NATURALIZATION
WHETHER, PRIOR TO ESTABLISHMENT OF FREEDOM OF INTERSTATE TRADE, ALIEN NATURALIZED IN ONE STATE MAY PASS INTO ANOTHER STATE WITHOUT HINDRANCE
CONSTITUTION, ss. 108, 117, 118
The question is whether under section 117 of the Constitution a Chinese naturalized in Victoria is entitled to pass into New South Wales without being subjected to any hindrance occasioned by the Immigration Restriction and Chinese Acts of New South Wales.
Section 117 of the Constitution is as follows:
A subject of the Queen, resident in any State, shall not be subject in any other State to any disability or discrimination which would not be equally applicable to him if he were a subject of the Queen resident in such other State.
Naturalization confers upon an alien the rights and privileges of a British subject. These rights and privileges are conferred under statutory powers, but-subject to the statute-at the discretion of the Executive.
Naturalization under the law of a colony only confers the rights of a British subject within that colony. See Lefroy, Legislative Power in Canada, p. 329; Report of Naturalization Laws Committee, presented to Imperial Parliament in 1901.
The question is whether by virtue of section 117, the rights and privileges so conferred upon an alien within one State are now extended so as to give him similar rights throughout the whole of the Commonwealth.

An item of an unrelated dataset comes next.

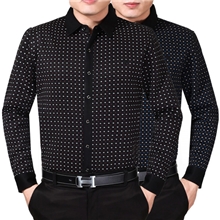 供应正品男式柒牌加绒保暖衬衣桑蚕棉休闲长袖衬衫批发一件代发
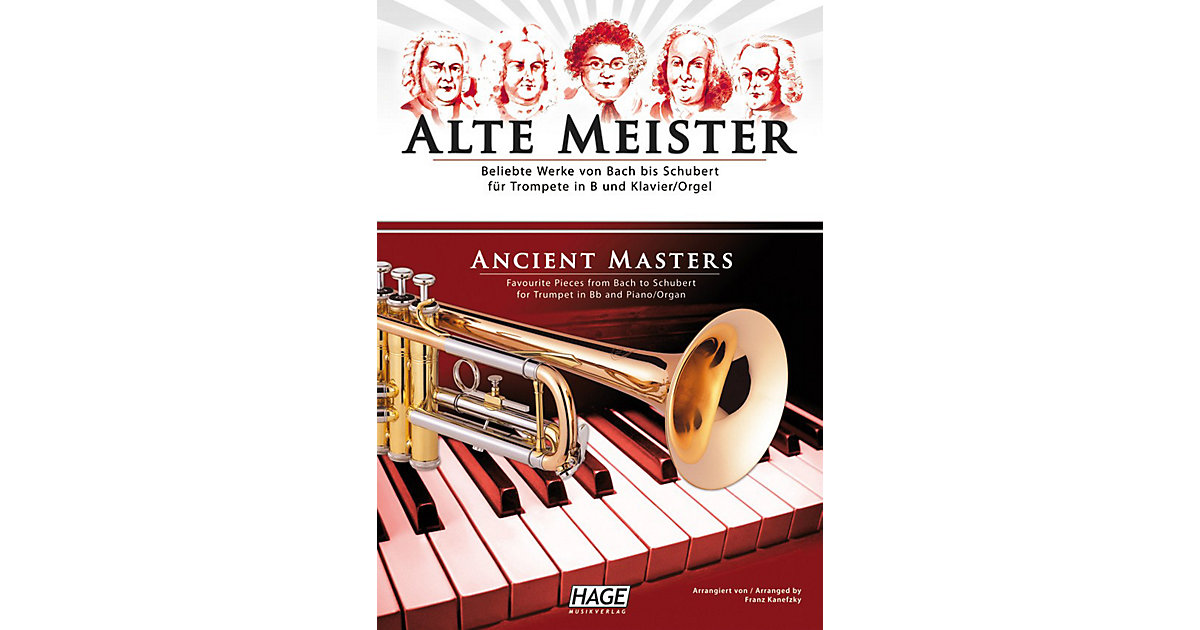 Buch - Alte Meister, Trompete in B und Klavier/Orgel, mit Trompetenstimme Kinder Buch - Alte Meister, Trompete in B und Klavier/Orgel, mit Trompetenstimme Kinder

The Constitution of the United States provides (Article IV, section 2) that 'The Citizens of each State shall be entitled to all Privileges and Immunities of Citizens in the several States'. A similar provision was proposed in this Constitution but was negatived by the Convention (see Quick & Garran, pp. 953-4). Section 117 was then substituted.
The object of section 117 is to prevent discriminating legislation or administration by a State; not to give to a resident in one State the same rights and privileges throughout the Commonwealth as are conferred upon him by the statutes of that State. Its object is to protect him from 'disability or discrimination'-not to extend to him any new privilege or immunity. As the grant of this privilege is entirely optional and discretionary in each State, a reading which would bind all the States by the discretion of any one of them might be regarded as a serious invasion of the rights of some or all of those who were thus deprived of this discretion.
The refusal to recognise as a British subject in one State a person upon whom the privilege of naturalization has been conferred in another State does not in my opinion constitute a disability or discrimination within the meaning of section 117.
Mr Justice Clark (Australian Constitutional Law, pp. 96-19102) favours the conclusion that, pending the passing of a Federal naturalization law, naturalization under the law of a State confers naturalization throughout the Commonwealth, by the combined operation of sections 108 and 118. He cites United States v. Villato 2 Dall. 370, as abrogating the authority of Collet v. Collet 2 Dall. 294, and establishing the principle that State naturalization laws become inoperative on the adoption of the Federal Constitution. He argues that under the Commonwealth Constitution, section 108 continues the State naturalization laws, and section 118, by requiring full faith and credit to be given, throughout the Commonwealth, to the laws, the public acts and records of every State, makes it necessary to accord to a person naturalized in one State the status of a British subject in all the States.
But section 118 only requires that the laws of the States should be recognised for what they are; not that they should be given an exterritorial application. Questions of marriage, divorce, and legitimacy, which Mr Justice Clark cites as parallel, are not really so. The status involved in those cases is a status which must attach to a person wherever he goes; whereas the status conferred by colonial naturalization need only attach within the territorial limits of the colony. This clause in the United States Constitution does not appear to have been relied upon in this connection in any case.
Nor do the American cases support Mr Justice Clark's contention that in the United States, on the adoption of the Federal Constitution, the State naturalization laws became inoperative. In Collet v. Collet it was held that the States had a concurrent power of naturalization. In United States v. Villato the decision was merely that the naturalization laws of Pennsylvania were repealed by the new Constitution of the State of Pennsylvania. It is true that the power of naturalization has since been held to be exclusive; but by this it is only meant that State laws passed subsequently to the adoption of the Constitution, or superseded by the Federal naturalization law, were inoperative (Chirac v. Chirac 2 Wheat. 268; License Cases 5 How. 584-5; Dred Scott v. Sandford 19 How. 418-22; Burgess, Political Science, II, p. 144, cited Quick & Garran, p. 601).
I know of no American authority for the proposition that State naturalization laws became inoperative on the establishment of the Federal Constitution; but the American cases show clearly that no State can make a foreigner a citizen of the United States, or entitle him to the privileges or immunities of a citizen in another State (Dred Scott v. Sandford).
Pending the establishment of free trade, commerce, and intercourse among the States under section 92 of the Constitution, each State may apply its Immigration Restriction Acts and Chinese Acts to immigrants from other States.